Как раненое животное в преддверии смерти защищает своего детеныша, так пестовало меня это уходящее поколение, с ревностным вниманием отслеживая каждый мой шаг. Культура древних традиций, праздников, постов, поминовений жила бок о бок со мной, готовясь поглотить меня без остатка. Какие только иудейские формы и ритуалы не оставили отпечатка в моей душе… В хедере я заучивал жгучие слова Торы, резник Хаим показал мне, малому мальчику, тропы и дороги Талмуда, в доме реб Пинхасла ждали меня подшивки альманаха «Шилоах». От своего отца, от длинной цепочки предков и поколений унаследовал я неистребимую тягу к письменному слову.
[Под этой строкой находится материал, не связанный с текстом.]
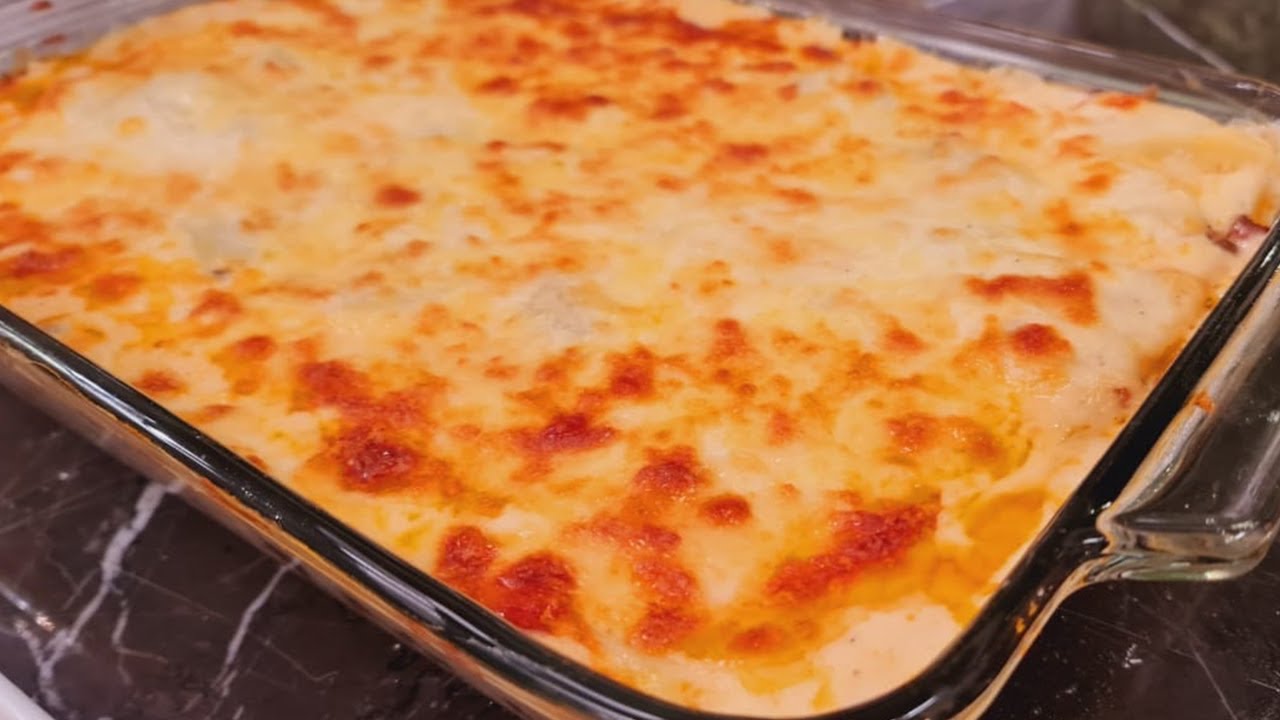 طريقة عمل صينية البطاطس والدجاج بالبشاميل بمذاق مميز 5 طريقة عمل صينية البطاطس والدجاج بالبشاميل بمذاق مميز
Книги поселили в моей детской голове воспоминания о древних временах; образы дальних стран и великих событий полностью захватили мое воображение. Перед моим мысленным взором простирались песчаные пустыни; полы белых шатров колыхались на ветру, как крылья диковинных птиц; в жилах моих вскипала кровь диких племен, вышедших на завоевание Ханаана. Этот удивительный мост между покорителями Ханаана и скромным евреем из убогого местечка выстроила тогда новая ивритская литература. Именно она смогла связать мой крохотный местечковый мирок с мощным, уходящим корнями в глубину веков, древом поколений — умерших, но продолжающих жить в слове. Литература открыла мне новый огромный мир — мир, по праву принадлежащий мне и таким, как я, — и мне оставалось лишь радостно броситься туда, погрузиться в книги всем своим существом. Я был счастлив представить себя малым звеном великой цепи, ощутить на себе ее неимоверную тяжесть. Я смотрел на тех, кто отказывался подставить плечи под ту же ношу, как на предателей, отступников, отщепенцев-мешумадов. Я видел в них отребье мира, позор поколения, мерзость сточных канав.
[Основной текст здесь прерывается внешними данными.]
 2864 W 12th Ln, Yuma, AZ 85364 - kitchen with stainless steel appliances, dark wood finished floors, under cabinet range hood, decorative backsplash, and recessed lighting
Многие силы были мобилизованы для того, чтобы сделать из меня мечтателя, живущего в стране фантазий. Часто на мир опускались серые гнетущие дни, невыносимые, как равнодушие Творца, — бесконечные дни, уже с утра напоминавшие вечер. По вечерам я выходил со сверстниками на улицу. В те годы местечко еще не умерло, еще билось в нем сердце, еще текла по жилам горячая кровь.
С двенадцати лет я начал рифмовать свои первые строчки. Я пел о камнях и о деревьях. Это были юношеские стихи, сами собой возникающие из ночной тишины, из осенней грусти, из шелеста сосен. Ряды звонких слов наполняли мою тетрадь. Наивный отец вложил тетрадку в конверт, отослал в Одессу Хаиму-Нахману Бялику, и Бялик совершенно неожиданно поддержал меня.
Он поддержал меня, этот дорогой человек! Неудивительно, что с тех пор моя тяга к словам росла день ото дня, окутывая окружающий мир плотной завесой тайны, понятной лишь посвященным. Слова все сильней и сильней звенели в моей голове, узелок к узелку творя странное, сказочное будущее. Я еще и понятия не имел о своей собственной маленькой жизни, но уже готов был подставить спину под неимоверную тяжесть Истории — ни больше ни меньше. Подросток с нетвердыми коленями, я ощущал в себе силы спасителя, утешителя, вождя. Невероятные мечты и фантазии свистящим ураганом проносились в моем воспаленном мозгу.
В 1915 году я выучил наконец язык страны, в которой жил, и он открыл мне двери в мир новых неизведанных кладов. Теперь мое воображение занимали Пушкин и Гоголь, Толстой и Гамсун; я жадно знакомился с новыми словами, цветами, страстями, знаками и обычаями чужой культуры. Ее широко распахнутые горизонты казались мне неизмеримо шире, чем узкие рамки иудейства, которые сковывали годы моего отрочества. Как выяснилось, помимо правды моего народа, жизнь полнилась многими другими правдами и неправдами. Я увидел дальние города, страны, племена и народности; перед моими глазами проходили судьбы разных, не похожих друг на друга людей, и у каждого — свои мечты, свои страсти, свои победы и поражения…
Ежегодно в начале весны городок навещал большой барин — граф Потоцкий. По главной улице, именуемой пышным словом «шоссе», прокатывалась его богатая коляска, сопровождаемая густыми столбами пыли. В коляске на кожаных сиденьях восседали двое: сам граф — седой важный старик и его дочь Ядвига — кудрявая красавица с голубыми глазами. Подростки не упускали случая пробежаться вслед; бежал вместе со всеми и я. Образ молодой панны Ядвиги мучил меня по ночам.
Стоило мне смежить веки, как она приходила и ложилась рядом на мое горячее ложе. Скромная и улыбающаяся, она склонялась надо мной, и сердце вздрагивало от ее прикосновений. Я зажмуривался еще крепче и сдавался на милость своих распаленных фантазий.